Exercise aim: Your copy should run exactly from the line containing "Bar III Dress" to the last line of the entries below, and it should include no pictures.

################

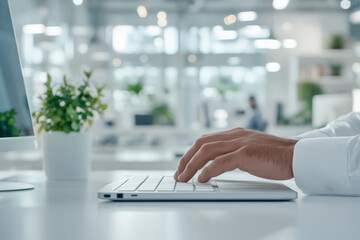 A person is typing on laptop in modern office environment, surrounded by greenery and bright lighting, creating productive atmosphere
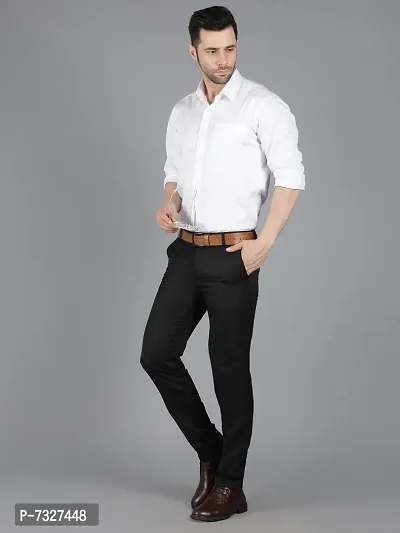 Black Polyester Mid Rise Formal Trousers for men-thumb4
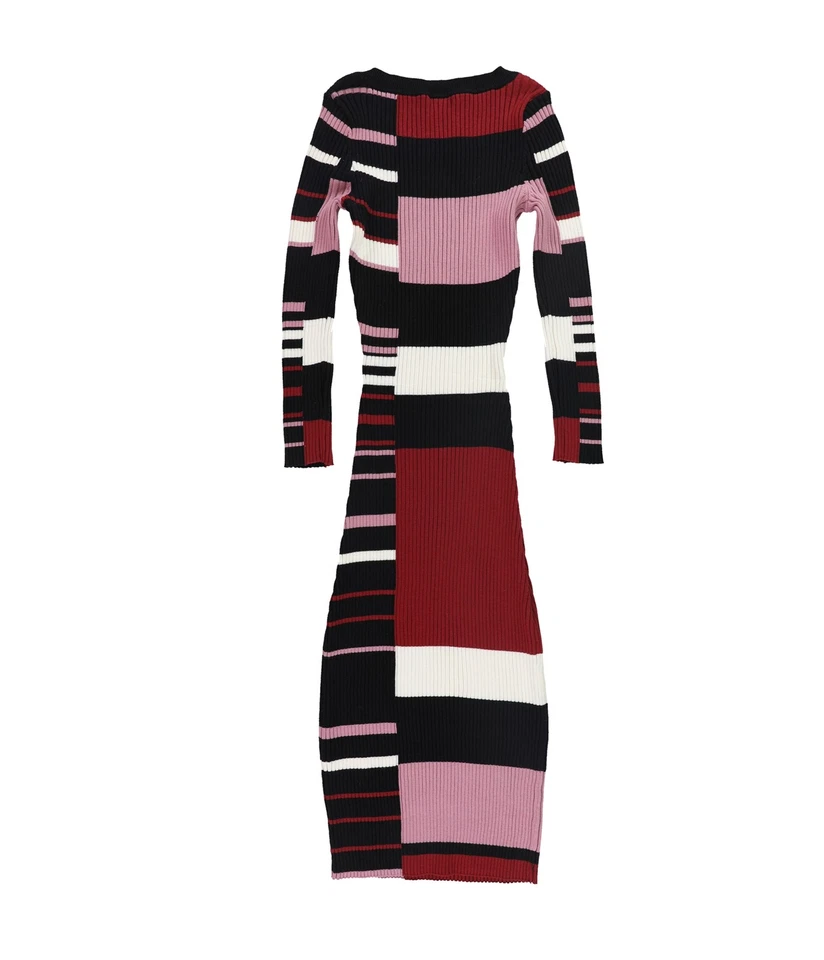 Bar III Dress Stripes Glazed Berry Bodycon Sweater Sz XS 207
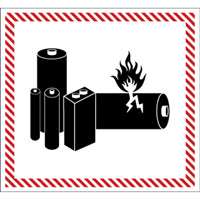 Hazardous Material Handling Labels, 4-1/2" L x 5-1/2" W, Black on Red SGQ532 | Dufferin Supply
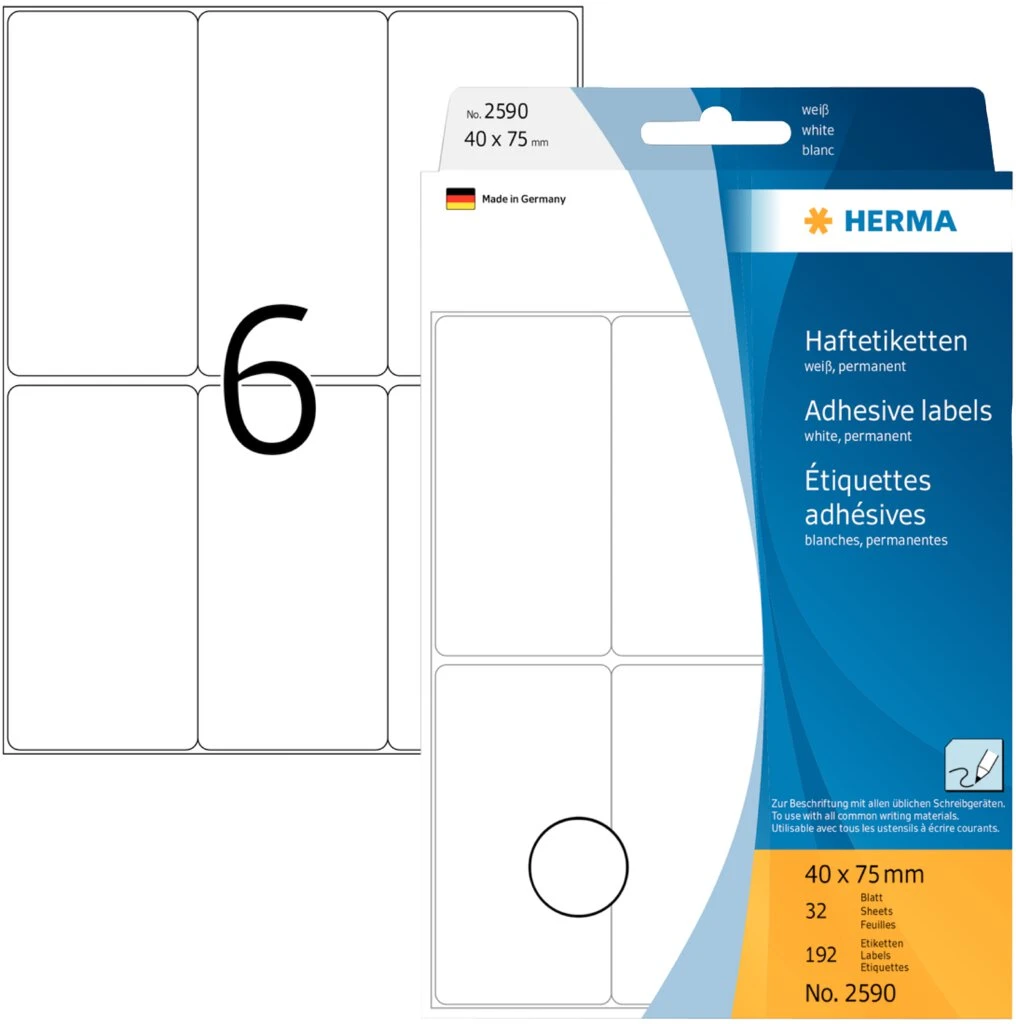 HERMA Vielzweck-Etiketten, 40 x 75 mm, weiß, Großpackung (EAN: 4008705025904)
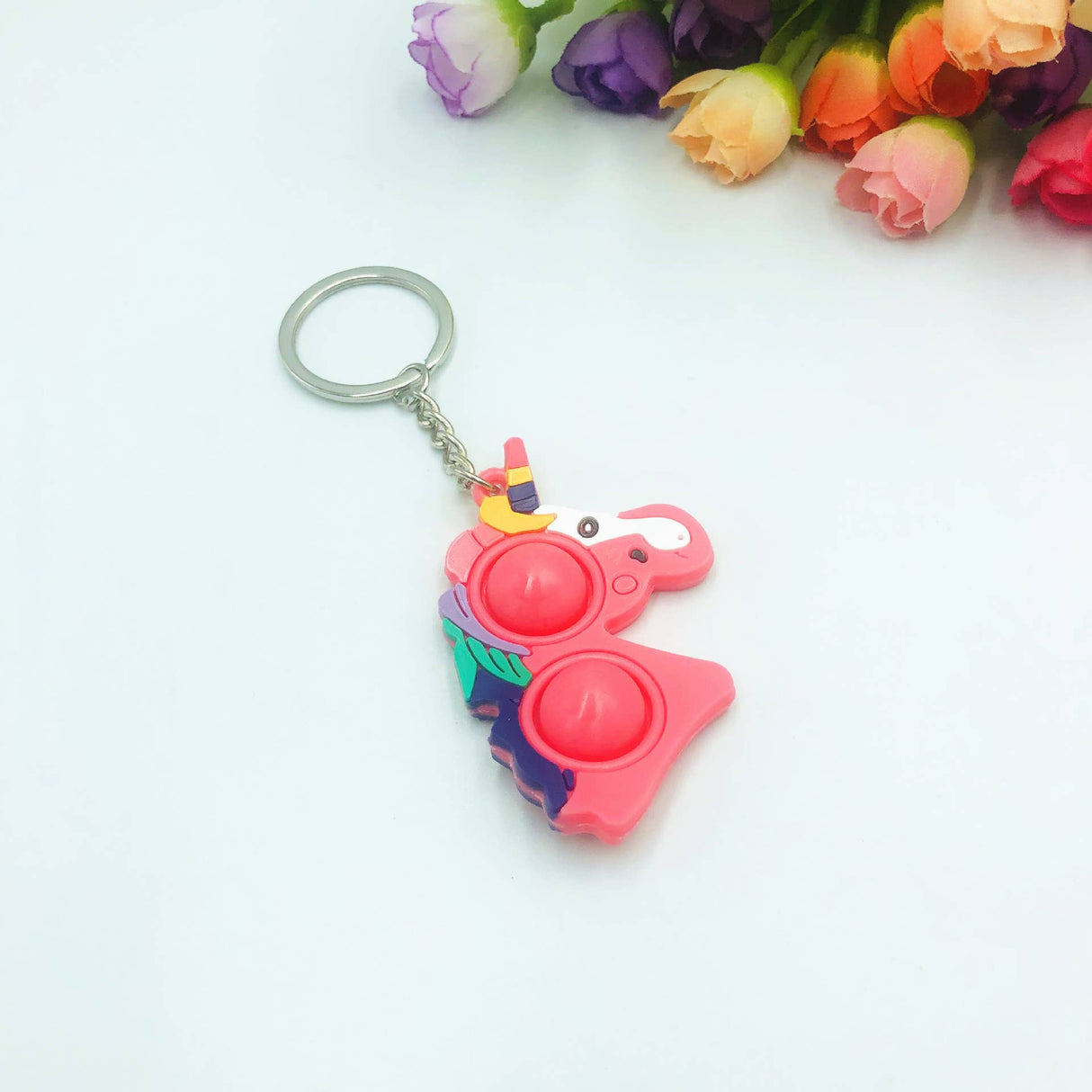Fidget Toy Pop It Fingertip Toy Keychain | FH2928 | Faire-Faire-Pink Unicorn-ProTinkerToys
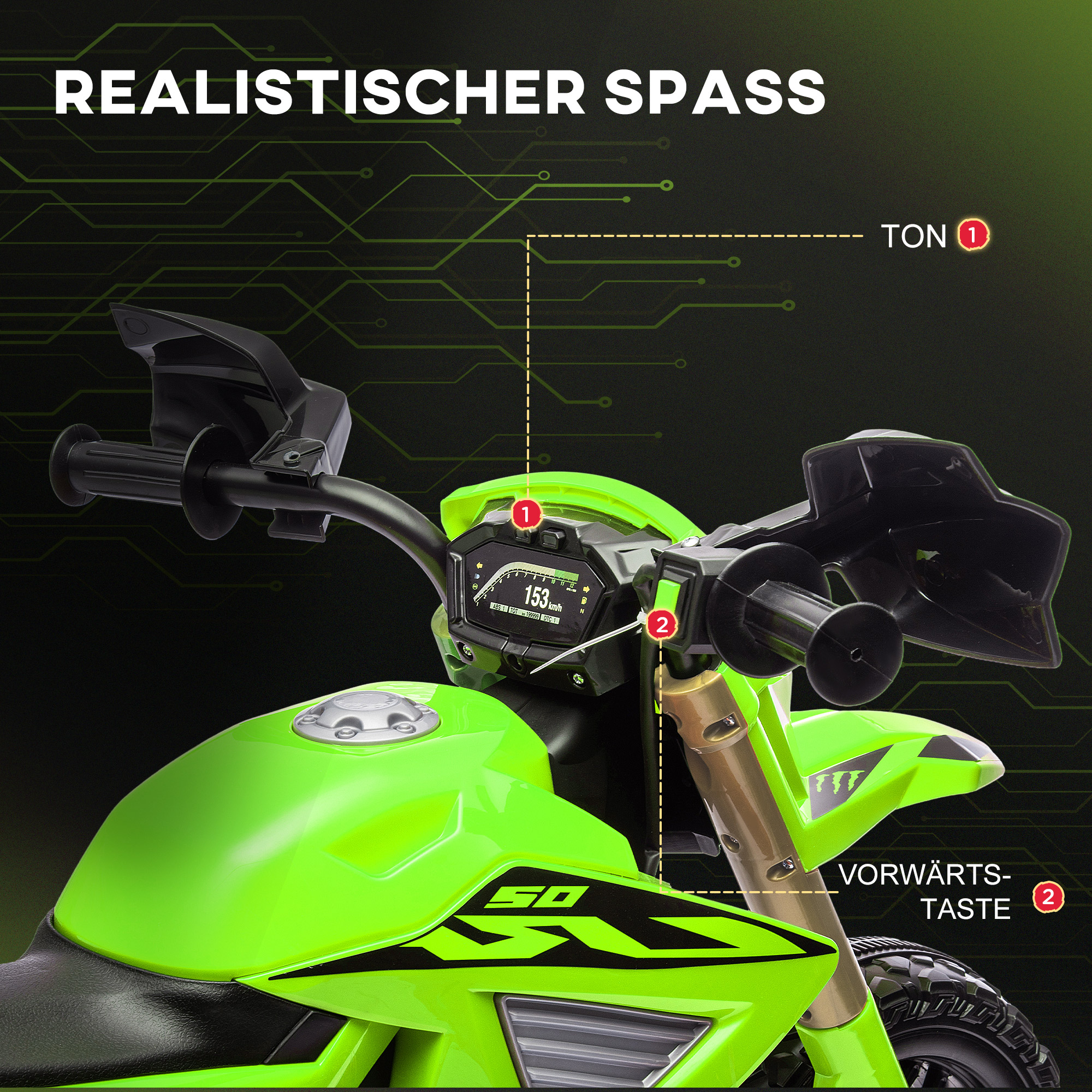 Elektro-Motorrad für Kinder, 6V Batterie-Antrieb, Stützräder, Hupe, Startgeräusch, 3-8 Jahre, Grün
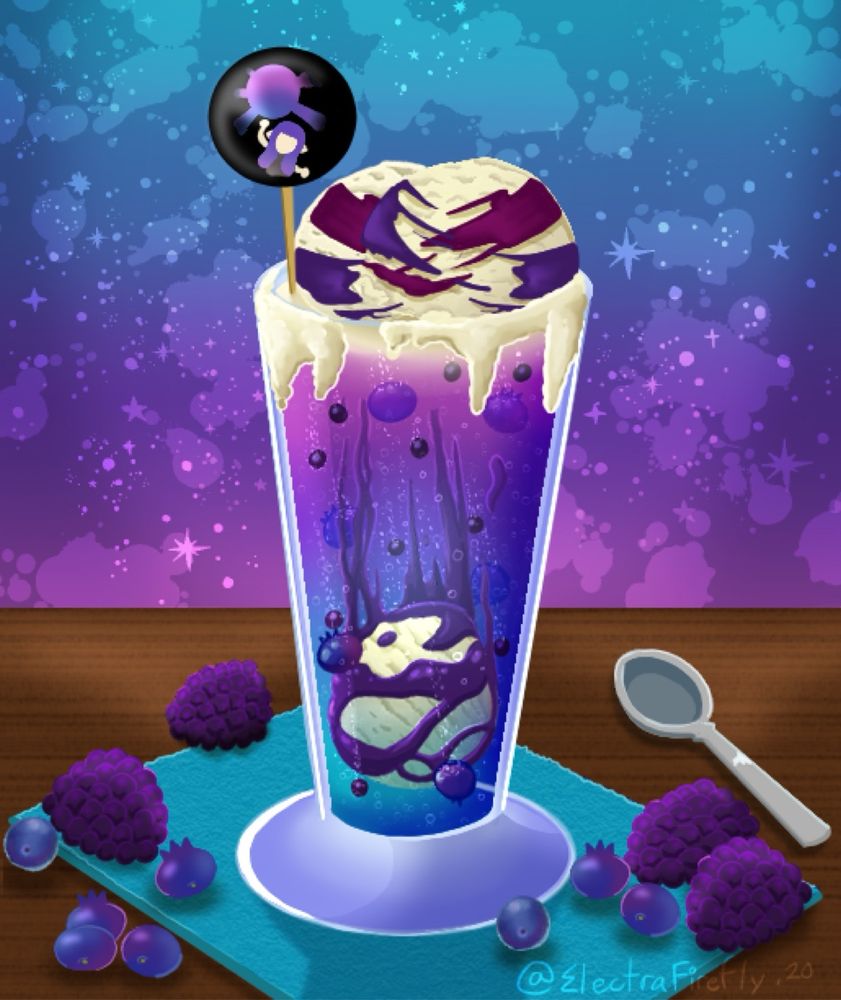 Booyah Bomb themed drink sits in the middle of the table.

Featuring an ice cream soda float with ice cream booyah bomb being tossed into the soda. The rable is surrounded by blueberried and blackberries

################

Output of the task:
 Bar III Dress Stripes Glazed Berry Bodycon Sweater Sz XS 207
 Hazardous Material Handling Labels, 4-1/2" L x 5-1/2" W, Black on Red SGQ532 | Dufferin Supply
 HERMA Vielzweck-Etiketten, 40 x 75 mm, weiß, Großpackung (EAN: 4008705025904)
Fidget Toy Pop It Fingertip Toy Keychain | FH2928 | Faire-Faire-Pink Unicorn-ProTinkerToys
 Elektro-Motorrad für Kinder, 6V Batterie-Antrieb, Stützräder, Hupe, Startgeräusch, 3-8 Jahre, Grün
 Booyah Bomb themed drink sits in the middle of the table.

Featuring an ice cream soda float with ice cream booyah bomb being tossed into the soda. The rable is surrounded by blueberried and blackberries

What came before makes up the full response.